Athena lets you store 'named queries' that you can access again and again from the CLI, but it is a bit annoying in that it doesn't easily show you any details of your stored queries. Instead you have to batch-query each of the IDs. But how do you know what the IDs are? That's easy...

bash-5.1$ aws athena list-named-queries
{
    "NamedQueryIds": [
        "1bcd8fa9-e6ca-477d-9a72-3b02fc4b34ef",
        "09f659cd-2a59-49be-977e-cee283e3ee11"
    ]
}

The athena batch-get-named-query function takes a list of IDs, so we can use our new knowledge and a new function join to convert this into a space-separated string. Note that join takes a special argument @ which I will not elaborate on here - go and look at the manual!

bash-5.1$ aws athena list-named-queries --query "NamedQueryIds | join(' ', @)" | tr -d '"'
1bcd8fa9-e6ca-477d-9a72-3b02fc4b34ef 09f659cd-2a59-49be-977e-cee283e3ee11

Note that we needed a special bash-command tr -d '"' because the CLI output presents strings wrapped in quotes and we don't want that.

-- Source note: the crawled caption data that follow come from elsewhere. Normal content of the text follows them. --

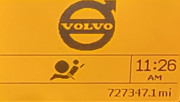 2016 VOLVO VNL USED INSTRUMENT CLUSTER P#22261638-P01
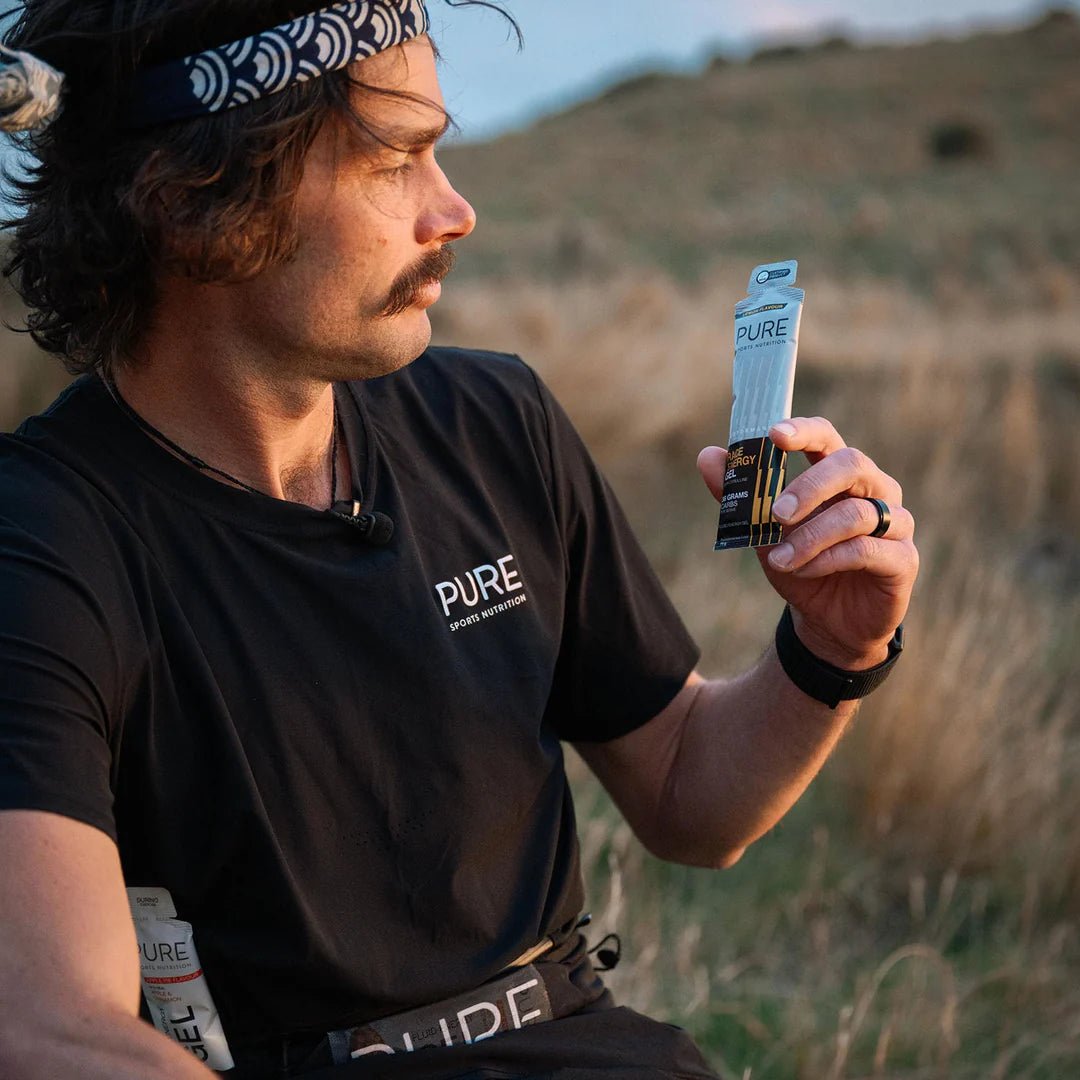 PURE Performance + Race Energy Gel - Run Trails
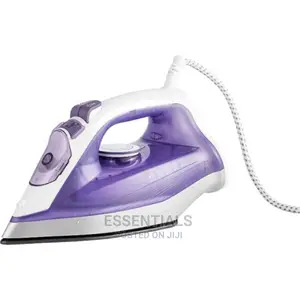 George Home Purple Steam Iron 2400 Watts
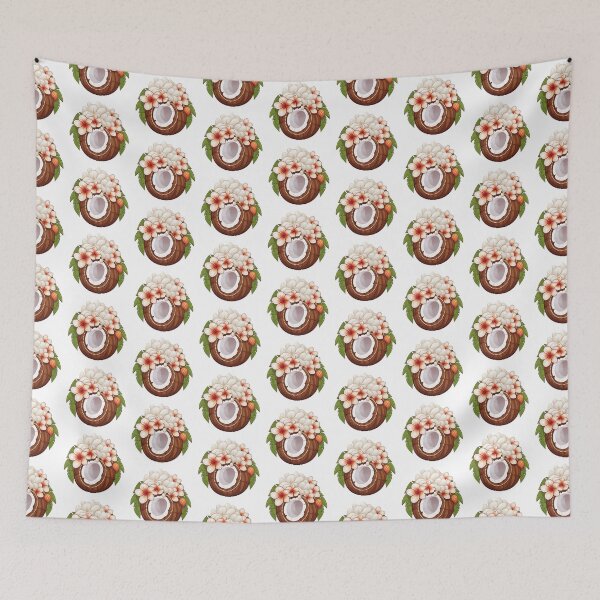 Item preview, Tropical Coconut Display designed and sold by New-School-Wave.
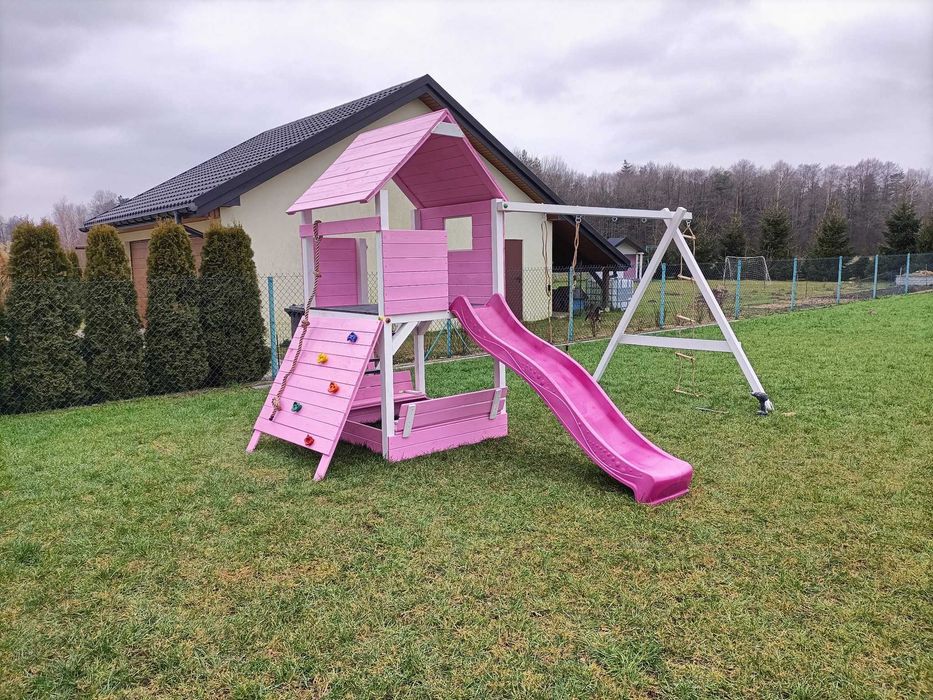 %RATY% Zapisy na 2026r.  D1 Plac zabaw domek dla dzieci MONTAŻ GRATIS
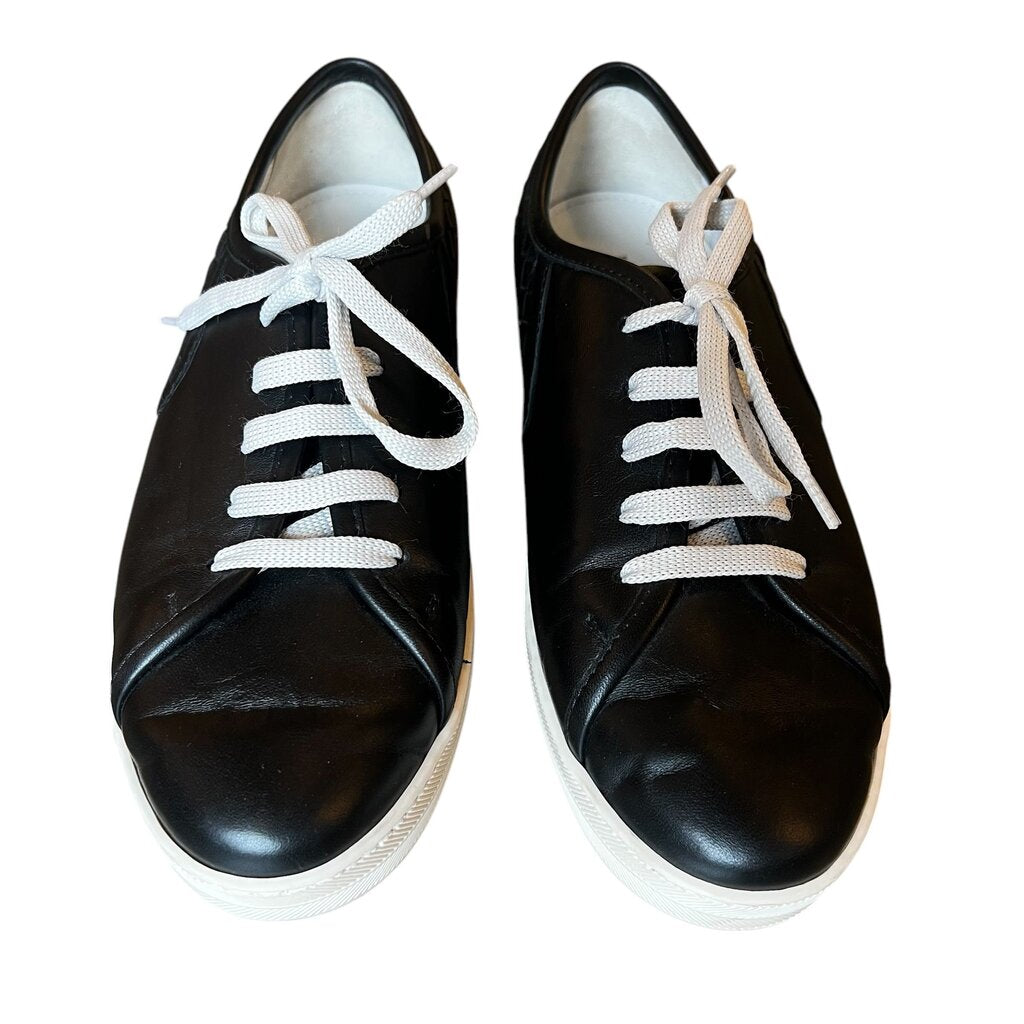 Bottega Veneta Intrecciato Leather Low Top Sneakers, MSRP $1,200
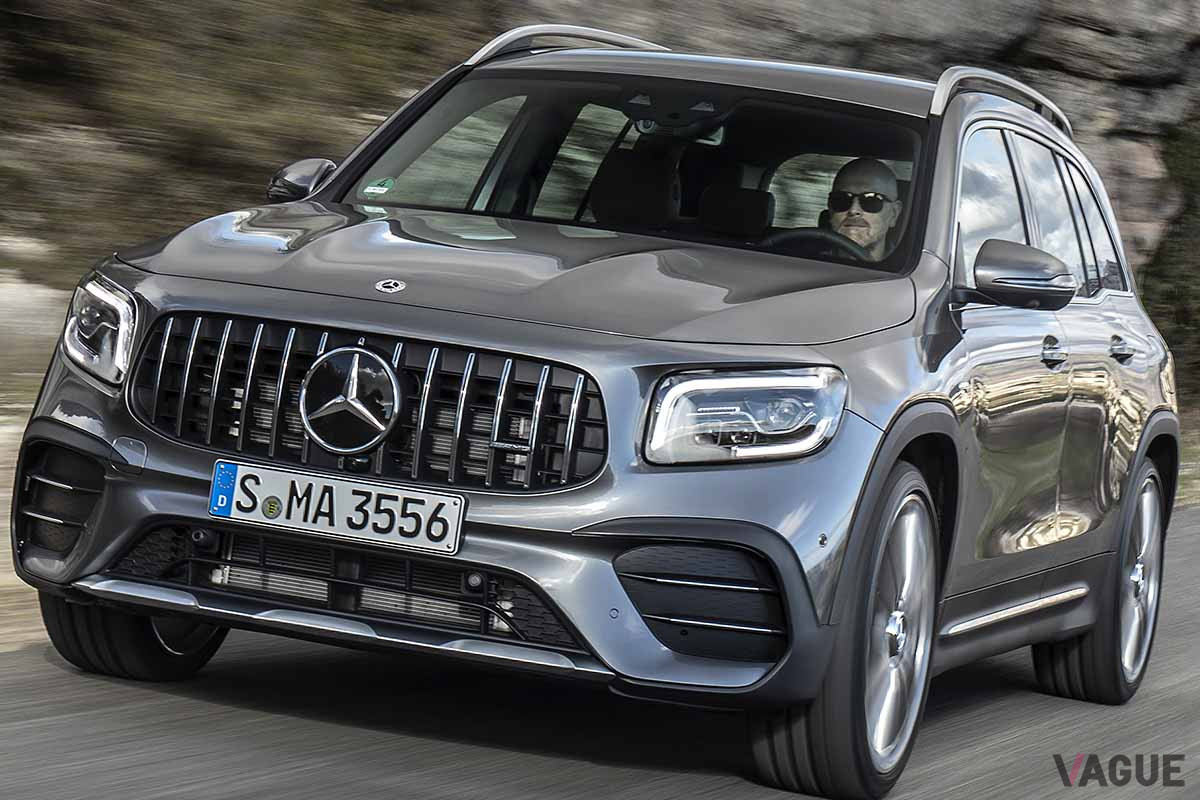 メルセデスAMG「GLB35 4MATIC」の走り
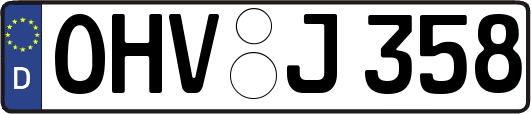 OHV-J358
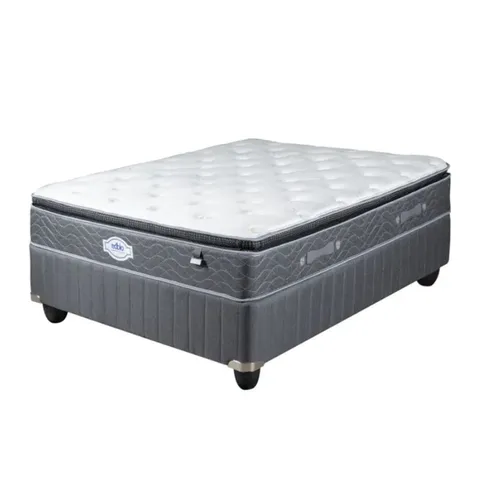Edblo Carston Medium Pillow Top Single Bed Set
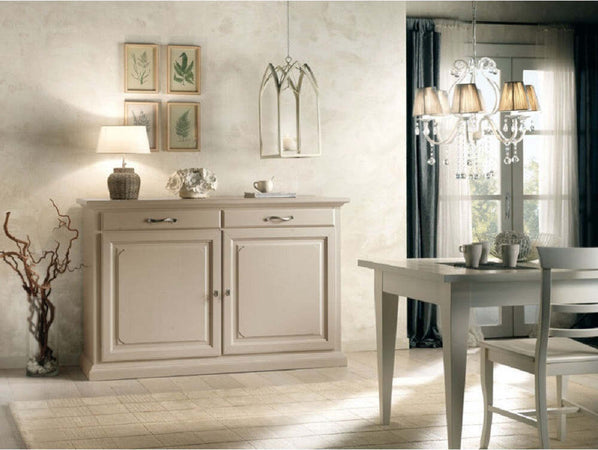 MOBILI-2G---MADIA-CREDENZA-SHABBY-IN-LEGNO-MASSELLO-2-PORTE-AVORIO-L.172-P.52-H.110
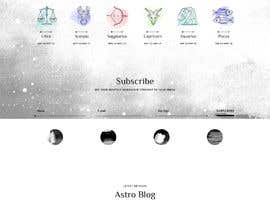 #4 for WordPress Site Design for Astrology by shariarmuntakim3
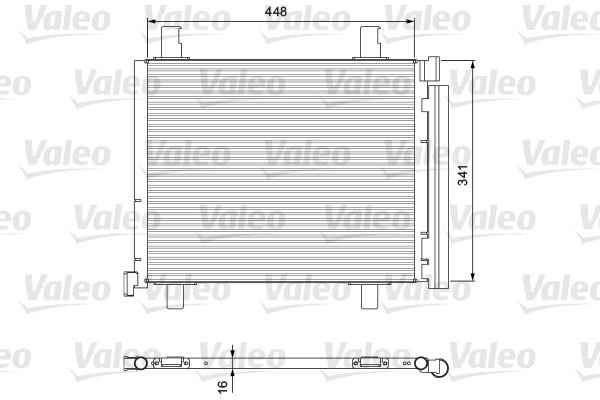 Valeo 814168 Cooler Module 814168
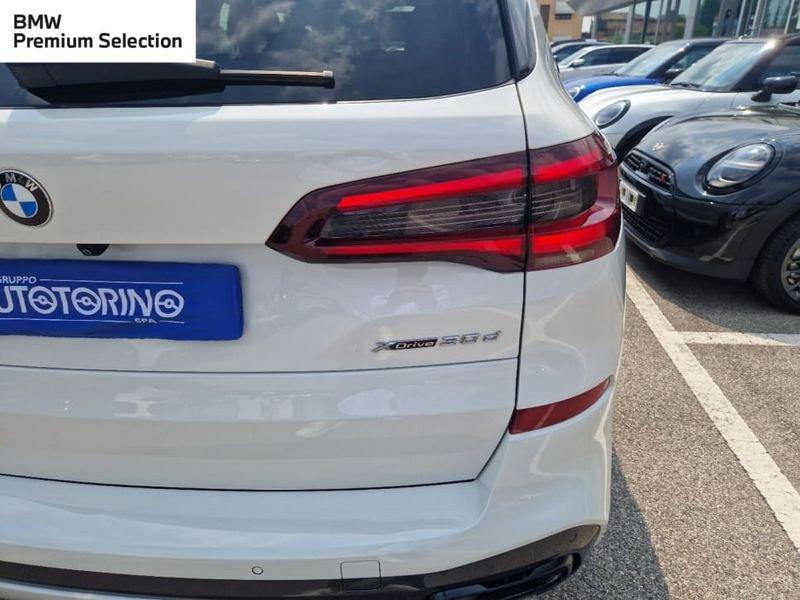 BMW X5 XDRIVE30D MHEV 48V MSPORT AUTO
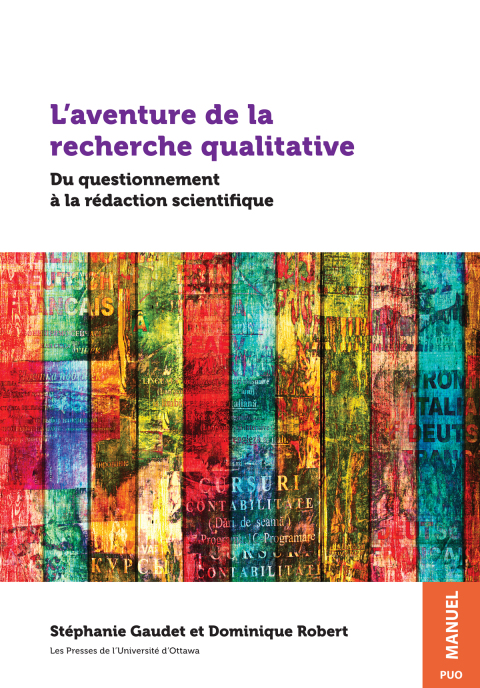 Cover image for book L’aventure de la recherche qualitative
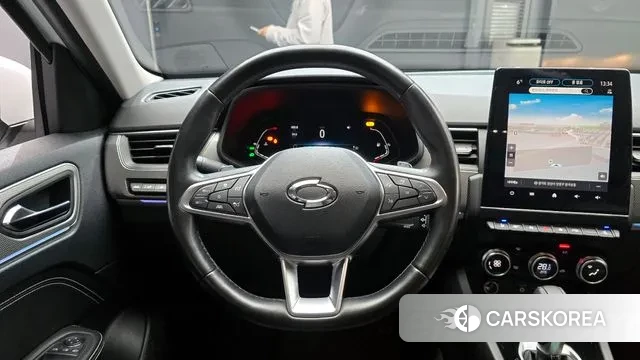 Renault Korea (Samsung) XM3 2023 Белый из Кореи, фото 4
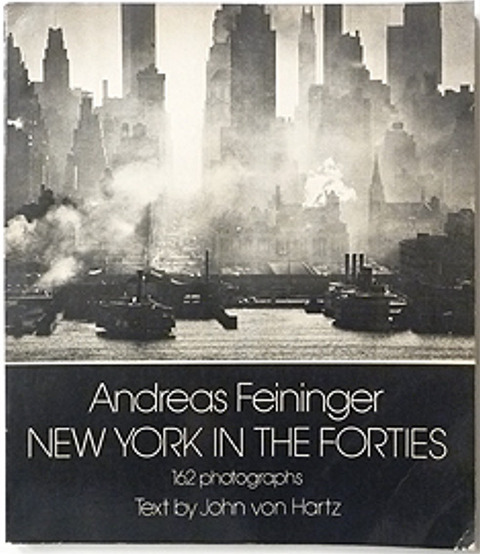 4_アンドレアス・ファイニンガー『NEW YORK IN THE FORTIES』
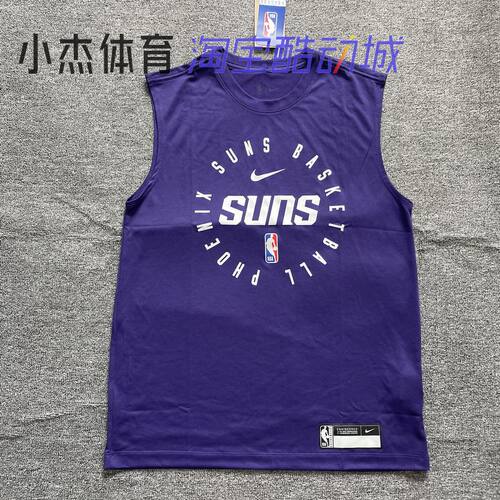 Nike耐 太阳队男子DRI-FIT NBA 男子速干无袖T恤 HF1930-566
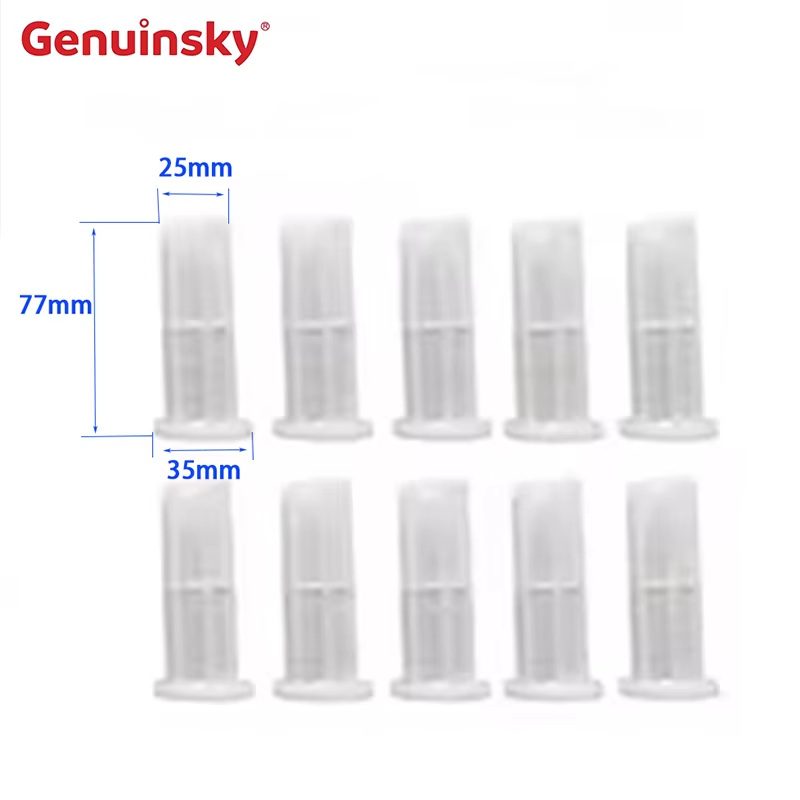 Universeel waterfilter gaas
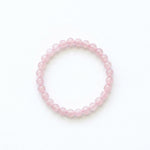 Bracelet en Quartz Rose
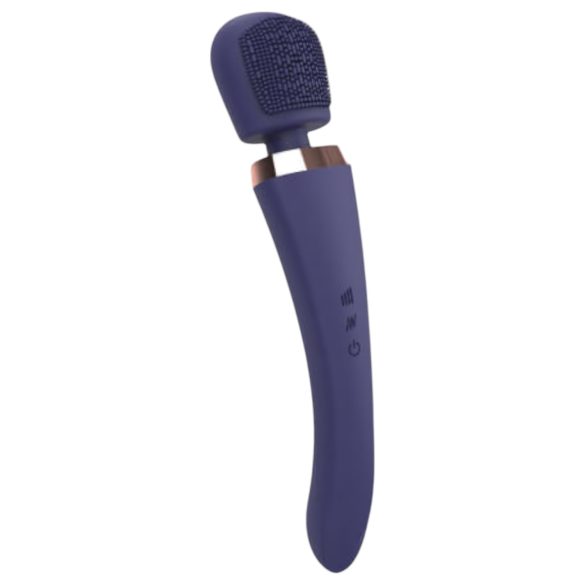 Cepillo Amor - Vibrador Masajeador Recargable (Azur)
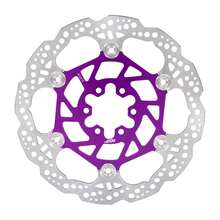 JXR Purple Sur-Ron Light Bee Ke Disc Set Front + Rear Rotor 220mm X 2.5mm - Multicolor - View 5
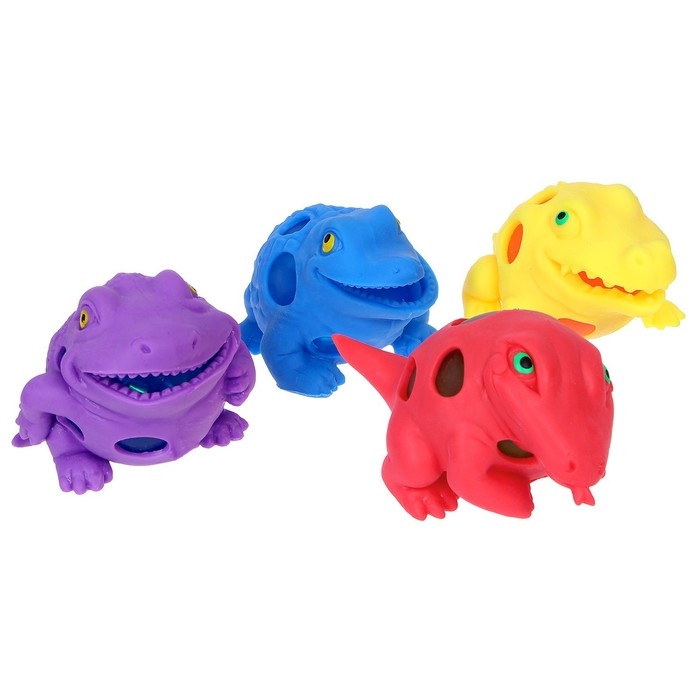 Мялка &laquo;Динозавр&raquo;, виды МИКС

The batch-get-named-query command returns output like this:

{
    "NamedQueries": [
        {
            "Name": "pagetotals",
            "Database": "s3_access_logs_db",
            "QueryString": "SELECT FROM MyTable...",
            "NamedQueryId": "1bcd8fa9-e6ca-477d-9a72-3b02fc4b34ef",
            "WorkGroup": "primary"
        },
        ...
    ]
}

So, with the power of JMES and bash back-quoting, we get:

bash-5.1$ aws athena batch-get-named-query --named-query-ids `aws athena list-named-queries --query "NamedQueryIds | join(' ', @)" | tr -d '"'` --query "NamedQueries[?Name=='pagetotals'].QueryString | [0]"
"SELECT FROMMyTable..."

OK great. So now we need to execute it. It is a bit cumbersome to be nesting commands over and over, so we can turn to our trusty friend xargs, which passes the output to the end of the next command. Thus the above example becomes:

bash-5.1$ aws athena list-named-queries --query "NamedQueryIds | join(' ', @)" \
> | tr -d '"' \
> | xargs aws athena batch-get-named-query --query "NamedQueries[?Name=='pagetotals'].QueryString | [0]" \
> --named-query-ids
"SELECT FROM MyTable..."

Now that this piping makes constructing a command easier, we can pass this output into the final command. We can also use the line-continuation character \ to format it nicer.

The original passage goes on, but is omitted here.